(Short text fragments from websites)

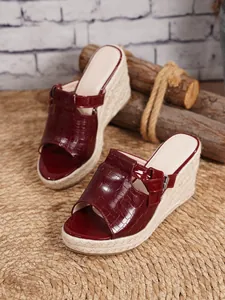 Close-up detail of burgundy crocodile embossed wedge sandals with textured jute platform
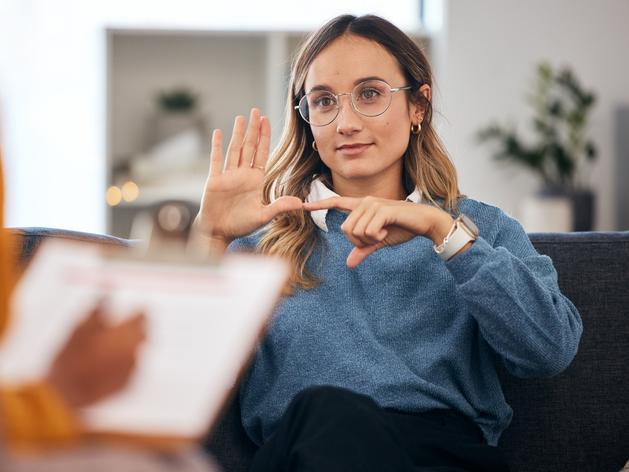 A young woman uses sign language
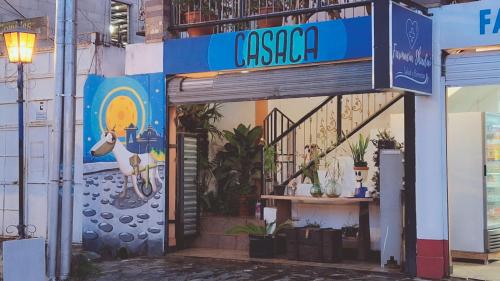a building with a sign that reads casa at Casaca in Concepción de Ataco
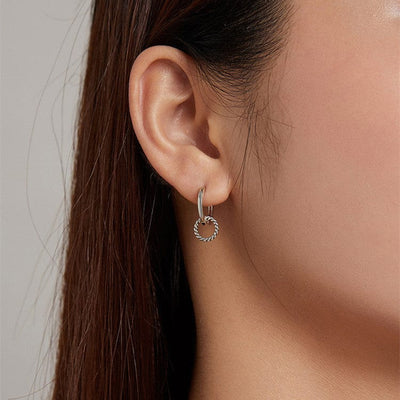 woman wearing nolo nemo 925 sterling silver unique spiral loop huggie earrings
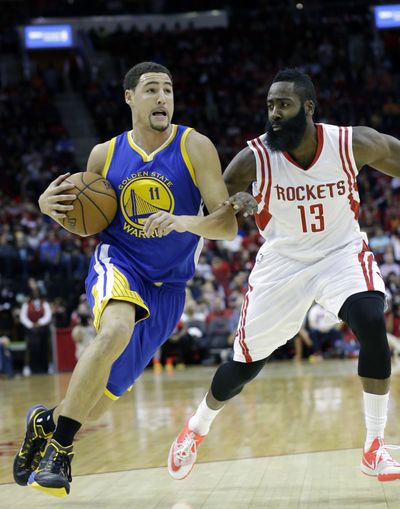 Golden State guard Klay Thompson, left, drives on Houston guard James Harden on Saturday. (Associated Press)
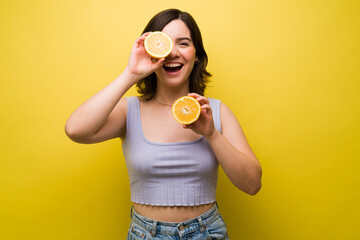Excited woman eating fresh fruit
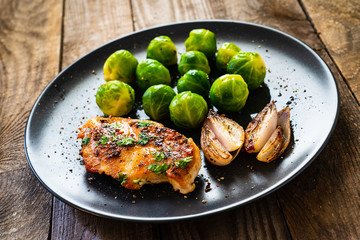Roast chicken breast and on wooden background 
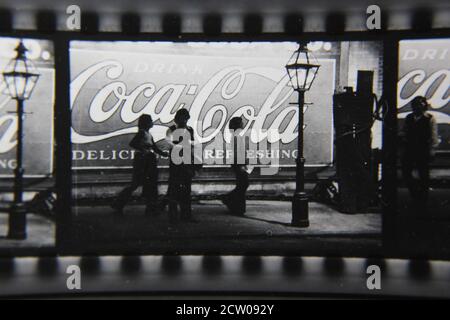 Feine Vintage-Schwarz-Weiß-Fotografie der 1970er Jahre von Profilen von Stadtmenschen, die vor einer riesigen Coca-Cola-Anzeige auf einer Wand gemalt gehen. Stockfoto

• **REQUIRED WORK**
Could you print the data exactly as it appears and keep the pictures out?

• **ANSWER SECTION**
 Close-up detail of burgundy crocodile embossed wedge sandals with textured jute platform
 A young woman uses sign language
a building with a sign that reads casa at Casaca in Concepción de Ataco
 woman wearing nolo nemo 925 sterling silver unique spiral loop huggie earrings
 Golden State guard Klay Thompson, left, drives on Houston guard James Harden on Saturday. (Associated Press)
Excited woman eating fresh fruit
Roast chicken breast and on wooden background 
 Feine Vintage-Schwarz-Weiß-Fotografie der 1970er Jahre von Profilen von Stadtmenschen, die vor einer riesigen Coca-Cola-Anzeige auf einer Wand gemalt gehen. Stockfoto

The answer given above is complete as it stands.